Tables 4 and 5 in Asay-Davis et al. (2009) give several examples of how correlation box size changes between passes for different data sets. However, different parameter settings can be used to obtain a “correct” answer, so these are not necessarily the best or only possible parameter choices to make.

If the correlation box size is too small, then there is too much noise in the resulting tie points and scattered velocities. Longer-time correlations always require bigger correlation boxes than shorter time correlations, because the images tend to change in ways that can’t be accounted for by advecting the images.

Search range

This should be slightly larger than the maximum displacement in the data.

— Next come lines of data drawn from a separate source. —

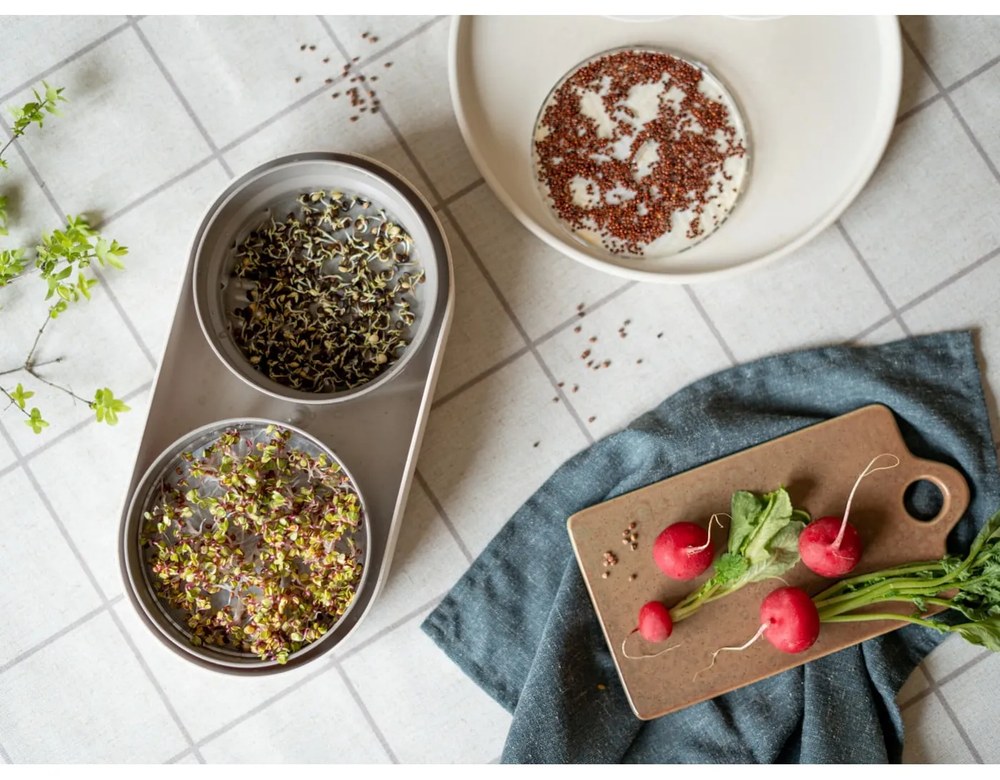 Set di piatti color crema in gres 12 pz Malia - Bonami Selection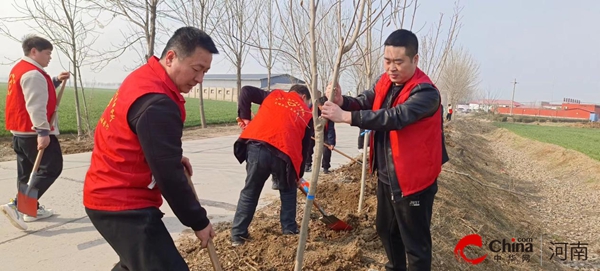 ​西平县专探乡开展2024年春季植树造林活动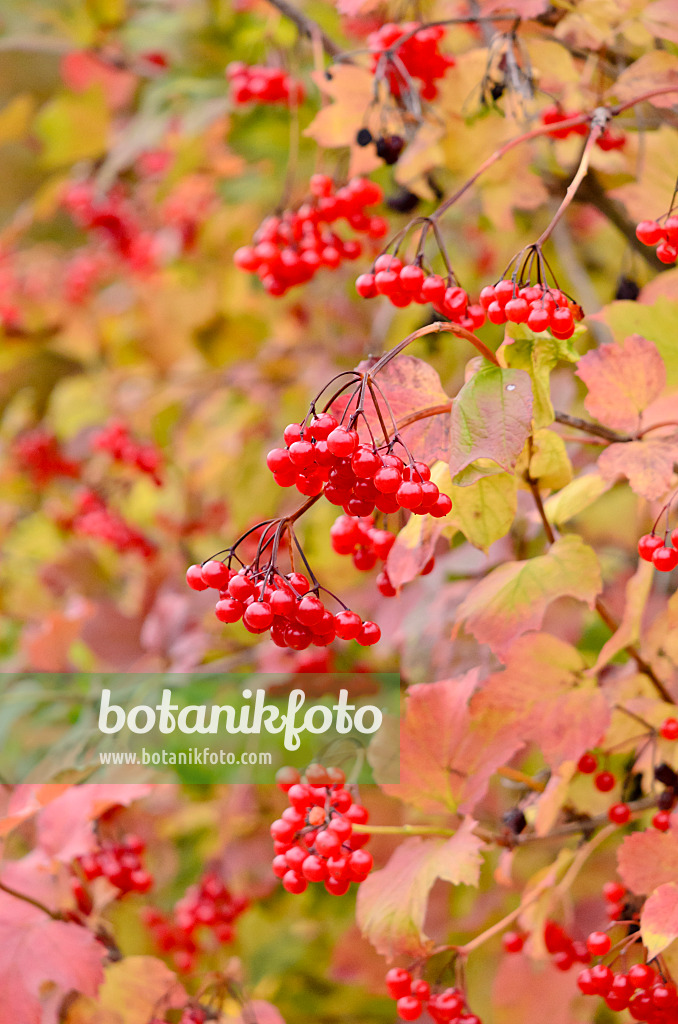 525249 - Guelder rose (Viburnum opulus)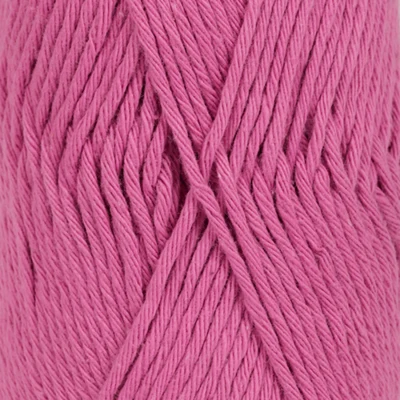 15 Rosa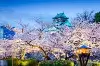 Beautiful cherry blossoms of Japan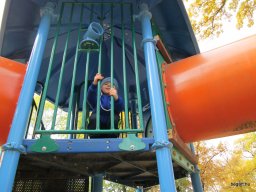 Meserétről a Ligetbe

To estimate the maximum displacement, find the distance in pixels that a cloud can move between your images separated by the maximum time. So for images that are not being advected, this is (the maximum velocity)/(meters per pixel)*(time interval). But you may not know the maximum velocity in advance. In that case, you can try to identify the maximum displacement in the images by eye.

The most sophistocated method would be to try a large search range, and look at the histogram of displacements after one pass of ACCIV.  If most of the displacements are much smaller than your range, then it’s a good idea to shrink the range to avoid spurious correlations. The displacements can be found in the combinedCorrelationTiePoints.h5 file in the _work/ directory of an ACCIV pass. The units in this file will be determined by the bounds field in each imageNNN.h5 file, so for planetary images the displacements will be in degrees of latitude/longitude. Just divide by resolution in degrees/pixel to get back to displacements in pixel units.

Stride (or correlation box shift)

The stride is the number of pixels by which the correlation box is shifted between each measurement. It is roughly equivalent to the output resolution of the velocity field: if image size is nx * ny, then a run will produce a maximum of about (nx * ny)/stride^2^ independent vectors. In practice the maximum number of vectors is a bit smaller, since you have to be able to fit the correlation box and the search range as well, so there will be missing correlations at the edges.

For speed--and because more vectors just tend to add more noise--it is best to use a large stride to begin with, and then drop to a much smaller number. In the final passes, stride should be close to the effective resolution length (see Asay-Davis et al. 2009, Fig. 9). There is no harm in “oversampling” the final pass by having stride=1 pixel, even if the effective resolution length is larger than 1 pixel.

Smoothing

Asay-Davis et al. (2009) discusses smoothing in some detail. However, ACCIV's smooth-fitting algorithm has been changed completely (twice) since that paper was published. The method now closely follows the paper:

Lee, S., Wolberg, G., & Shin, S. (1997). Scattered data interpolation with multilevel B-splines. IEEE Transactions on Visualization and Computer Graphics, 3(3), 228–244.

The smooth fit involves a single parameter, smoothFitMinControlPointScatteredNeighbors, which can be increased to increase smoothness, and which will be discussed in more detail in Mastering ACCIV.